INFORMATION>
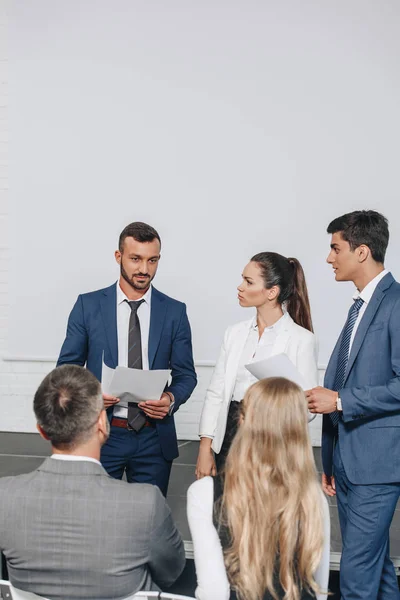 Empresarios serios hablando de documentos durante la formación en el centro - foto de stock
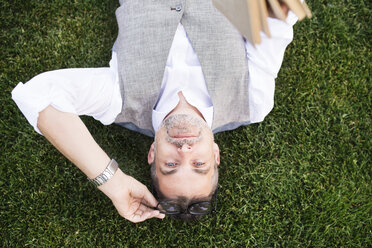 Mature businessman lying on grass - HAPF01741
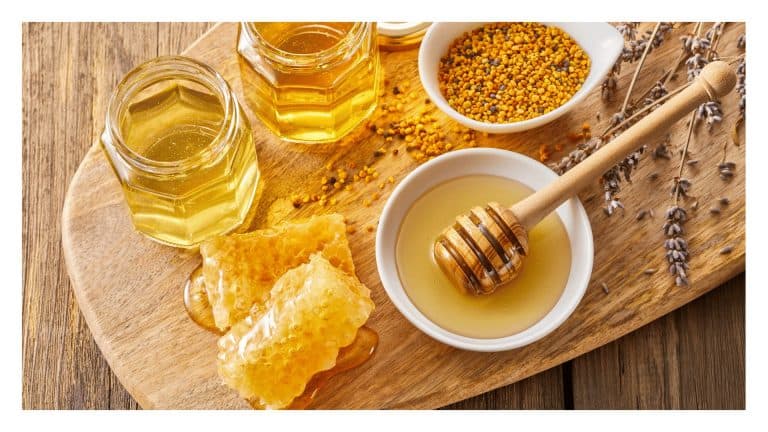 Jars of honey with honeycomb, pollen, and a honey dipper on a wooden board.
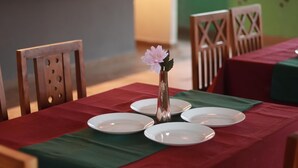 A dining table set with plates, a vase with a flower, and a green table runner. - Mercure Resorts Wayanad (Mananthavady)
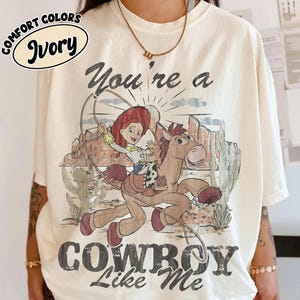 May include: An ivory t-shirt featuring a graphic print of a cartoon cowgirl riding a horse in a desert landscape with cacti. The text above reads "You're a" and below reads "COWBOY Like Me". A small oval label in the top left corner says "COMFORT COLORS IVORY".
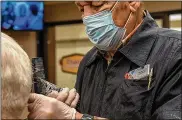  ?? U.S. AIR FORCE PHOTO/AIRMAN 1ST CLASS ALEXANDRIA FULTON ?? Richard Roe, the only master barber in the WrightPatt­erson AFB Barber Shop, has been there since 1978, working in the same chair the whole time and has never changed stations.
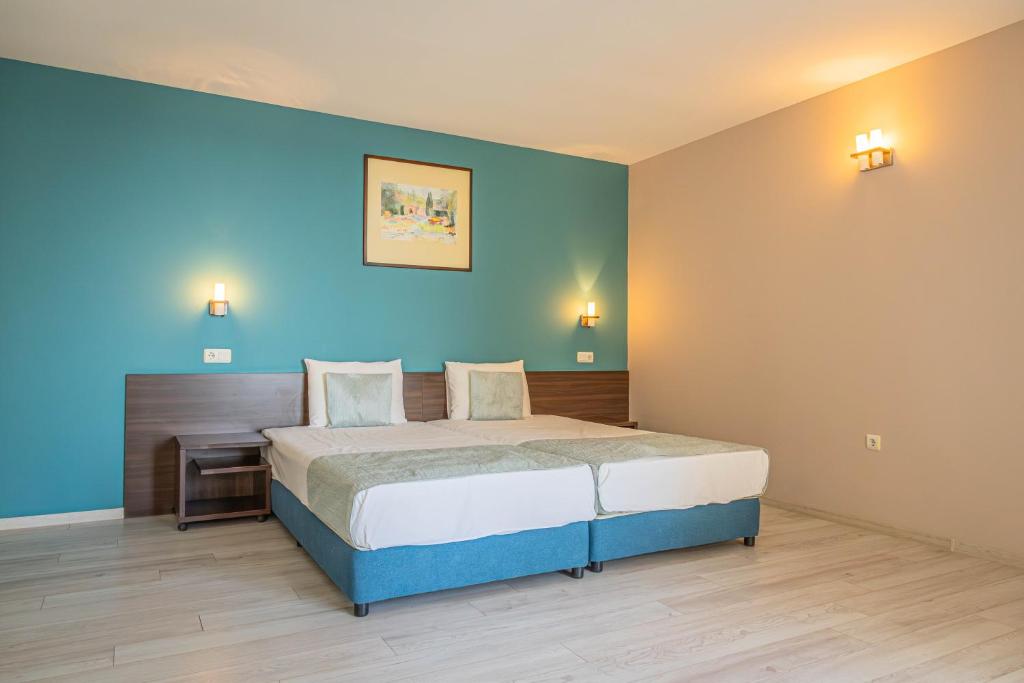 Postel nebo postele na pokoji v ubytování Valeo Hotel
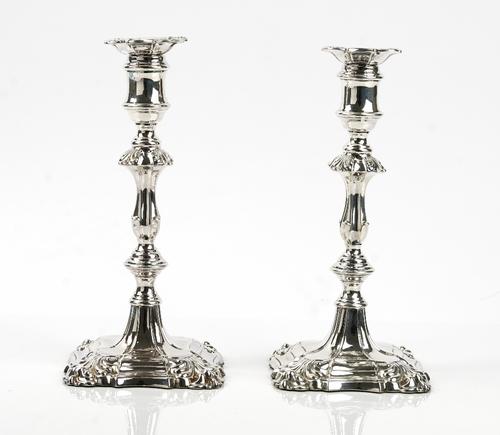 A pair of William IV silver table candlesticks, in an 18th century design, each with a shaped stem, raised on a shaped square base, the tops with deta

REQUIRED WORK> For the material above, give again only the lines starting at the line that contains "never changed stations." and ending at the line that contains "Postel nebo postele". Pictures do not belong in the copy.

PROBLEM SOLUTION>
  ?? U.S. AIR FORCE PHOTO/AIRMAN 1ST CLASS ALEXANDRIA FULTON ?? Richard Roe, the only master barber in the WrightPatt­erson AFB Barber Shop, has been there since 1978, working in the same chair the whole time and has never changed stations.
 Postel nebo postele na pokoji v ubytování Valeo Hotel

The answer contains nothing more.